> **Directions**:
Would you write out the entries that follow word for word, omitting any images?
━━━━
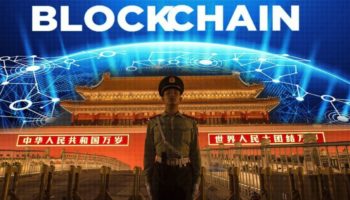 bitcoini yasaklayan cin blockchain teknolojisi konusunda dunyaya kafa tutuyor 1 1280x695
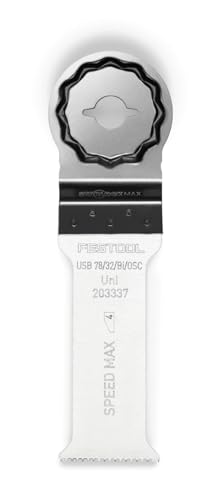 Festool Universal saw blade USB 78/32/Bi/OSC/5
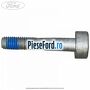 Surub tendon punte spate inferior Ford Kuga 2013-2016 2.0 TDCi 120 cp XRMA, XRMB, XRMC diesel | Foto 2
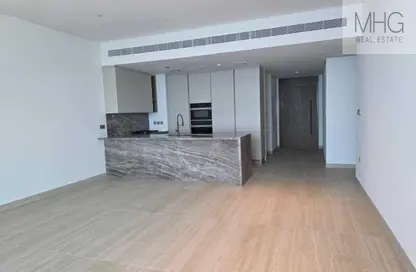 Apartment - 2 Bedrooms - 2 Bathrooms for rent in Serenia Living Tower 1 - Serenia Living - Palm Jumeirah - Dubai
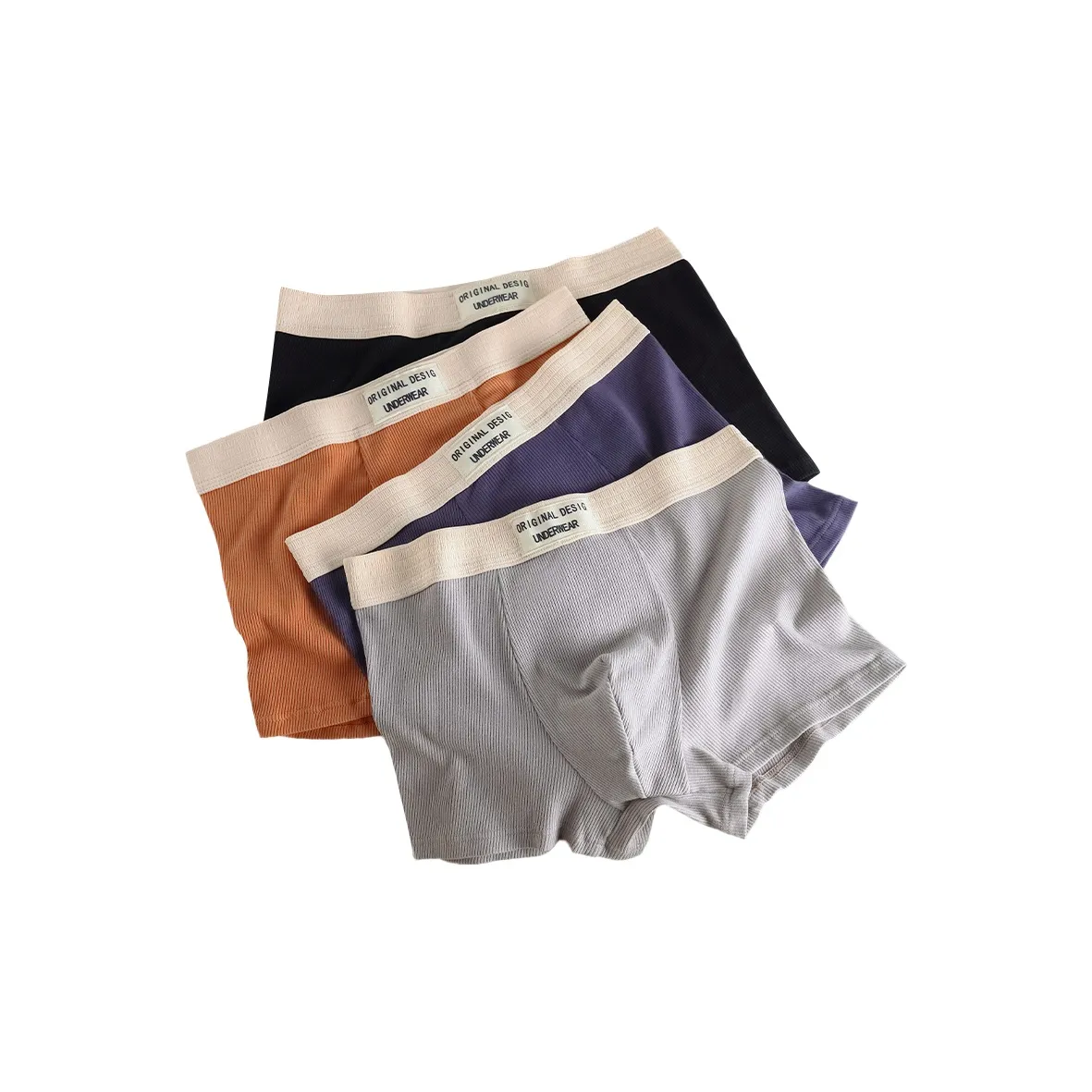 JEANSWEST Мужские боксер-шорты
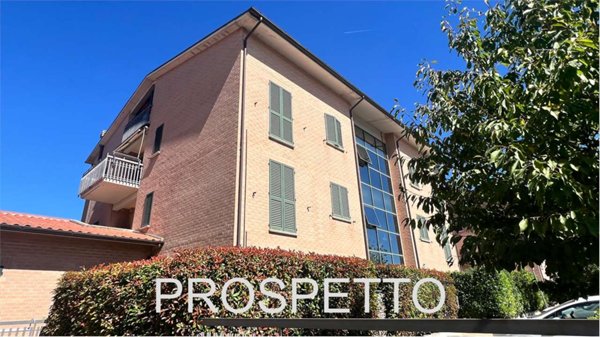 appartamento in vendita a Cisternino in zona Sisto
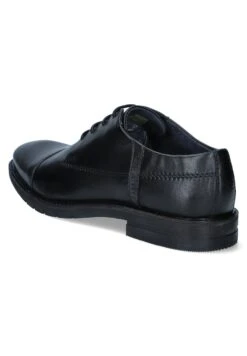 Bugatti Merlo - Veterschoenen - Schwarz 9 Bugatti Merlo - Veterschoenen - Schwarz -Deals Shoes Store 67124f9439d140bbbb438305d3228e0e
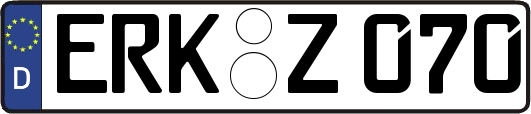 ERK-Z070
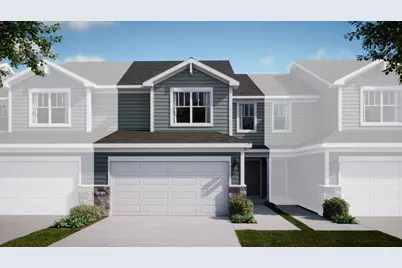 18522 Percy Lane, Lowell, IN 46356 - Photo 1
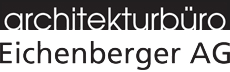 Logo Architekturbro Eichenberger AG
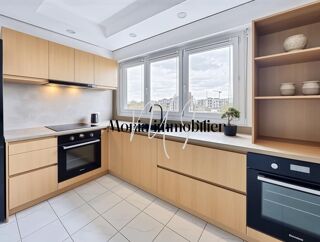  Appartement � vendre 5 pi�ces 115 m�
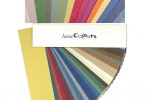 Hahnemühle, Lana Colours 160 gsm  (50 tabaka, Steel Grey, A4, HMC-19149367)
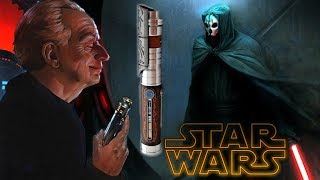 5 Most Elegant amp Beautiful Lightsabers  Star Wars Explained [upl. by Lacefield]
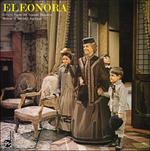 Eleonora (Colonna sonora) - CD Audio di Bruno Nicolai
━━━━
> **Exercise response**:
 bitcoini yasaklayan cin blockchain teknolojisi konusunda dunyaya kafa tutuyor 1 1280x695
 Festool Universal saw blade USB 78/32/Bi/OSC/5
 Surub tendon punte spate inferior Ford Kuga 2013-2016 2.0 TDCi 120 cp XRMA, XRMB, XRMC diesel | Foto 2
 Apartment - 2 Bedrooms - 2 Bathrooms for rent in Serenia Living Tower 1 - Serenia Living - Palm Jumeirah - Dubai
 JEANSWEST Мужские боксер-шорты
 appartamento in vendita a Cisternino in zona Sisto
 Bugatti Merlo - Veterschoenen - Schwarz 9 Bugatti Merlo - Veterschoenen - Schwarz -Deals Shoes Store 67124f9439d140bbbb438305d3228e0e
 ERK-Z070
 18522 Percy Lane, Lowell, IN 46356 - Photo 1
 Logo Architekturbro Eichenberger AG
  Appartement � vendre 5 pi�ces 115 m�
 Hahnemühle, Lana Colours 160 gsm  (50 tabaka, Steel Grey, A4, HMC-19149367)
 5 Most Elegant amp Beautiful Lightsabers  Star Wars Explained [upl. by Lacefield]
 Eleonora (Colonna sonora) - CD Audio di Bruno Nicolai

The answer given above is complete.